Think of it if we regroup the term so that each pair of the group terms are all negatives:

[MATH]\color{black}\arctan\left({\dfrac{6}{5}}\right)=\color{yellow}\bbox[5px,purple]{\dfrac{\pi}{4}+\dfrac{1}{10}}\color{black}-\left(\dfrac{1}{100}-\dfrac{1}{1500}\right)-\left(\dfrac{1}{125000}-\dfrac{1}{750000}\right)-\cdots[/MATH]

Yes! At this point, we can safely say that

[MATH]\color{yellow}\bbox[5px,purple]{\dfrac{\pi}{4}+\dfrac{1}{10}}\color{black}\gt \arctan\left({\dfrac{6}{5}}\right)[/MATH]

And note that

[MATH]\color{black}\dfrac{\pi}{4}+\dfrac{1}{6}\gt \color{yellow}\bbox[5px,purple]{\dfrac{\pi}{4}+\dfrac{1}{10}}[/MATH]
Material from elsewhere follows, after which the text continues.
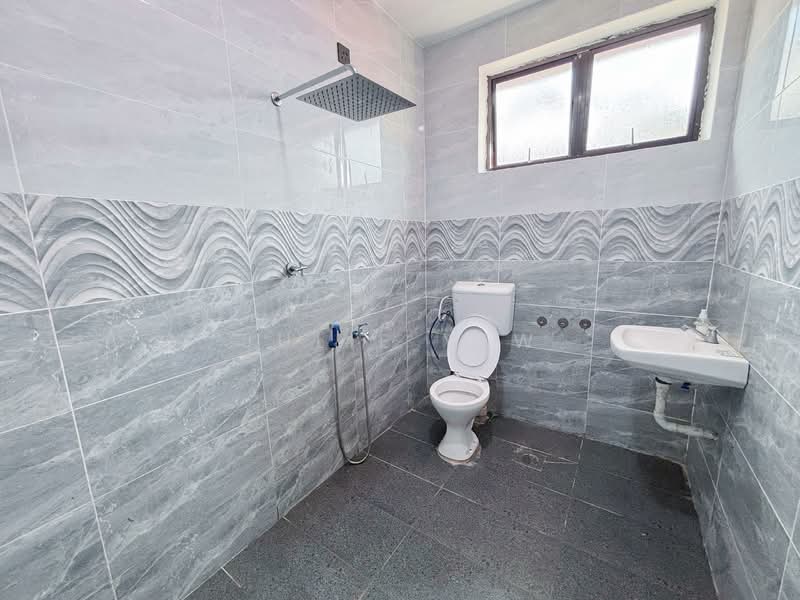 Semi-Detached House for Sale in Taman Pelangi (Johor Bahru) - Julie Yew - Bathroom - PropertyGuru.com.my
We can now put them together that yields:

[MATH]\color{black}\dfrac{\pi}{4}+\dfrac{1}{6}\gt \color{yellow}\bbox[5px,purple]{\dfrac{\pi}{4}+\dfrac{1}{10}}\color{black}\gt \arctan\left({\dfrac{6}{5}}\right)[/MATH]

and therefore, evidently we have proved that:

$\dfrac{\pi}{4}+\dfrac{1}{6}\gt \arctan\left({\dfrac{6}{5}}\right)$.

This isn't the sole method that one could use to attack the problem, we could also approach it like follows:

I know I know, many students would add $\dfrac{1}{6}$ and at the same time subtract the fraction $\dfrac{1}{6}$ to the right side of the equality and wind up with

$\small \arctan\left({\dfrac{6}{5}}\right)=\dfrac{\pi}{4}+\dfrac{1}{6}-\dfrac{1}{6}+\dfrac{1}{10}-\dfrac{1}{100}+\dfrac{1}{1500}-\dfrac{1}{125000}+\dfrac{1}{750000}-\dfrac{1}{8750000}+\cdots$

$\small \arctan\left({\dfrac{6}{5}}\right)=\dfrac{\pi}{4}+\dfrac{1}{6}-\left(\dfrac{1}{6}-\dfrac{1}{10}\right)-\left(\dfrac{1}{100}-\dfrac{1}{1500}\right)-\left(\dfrac{1}{125000}-\dfrac{1}{750000}\right)-\cdots$

Note that each parenthesis pair that consists of the subtraction of a smaller value from a bigger value will definitely gives a positive value, that means:

$\small \arctan\left({\dfrac{6}{5}}\right)+\left(\dfrac{1}{6}-\dfrac{1}{10}\right)+\left(\dfrac{1}{100}-\dfrac{1}{1500}\right)+\left(\dfrac{1}{125000}-\dfrac{1}{750000}\right)+\cdots=\dfrac{\pi}{4}+\dfrac{1}{6}$

which yields:

$\dfrac{\pi}{4}+\dfrac{1}{6}\gt \arctan\left({\dfrac{6}{5}}\right)$ and we are hence done.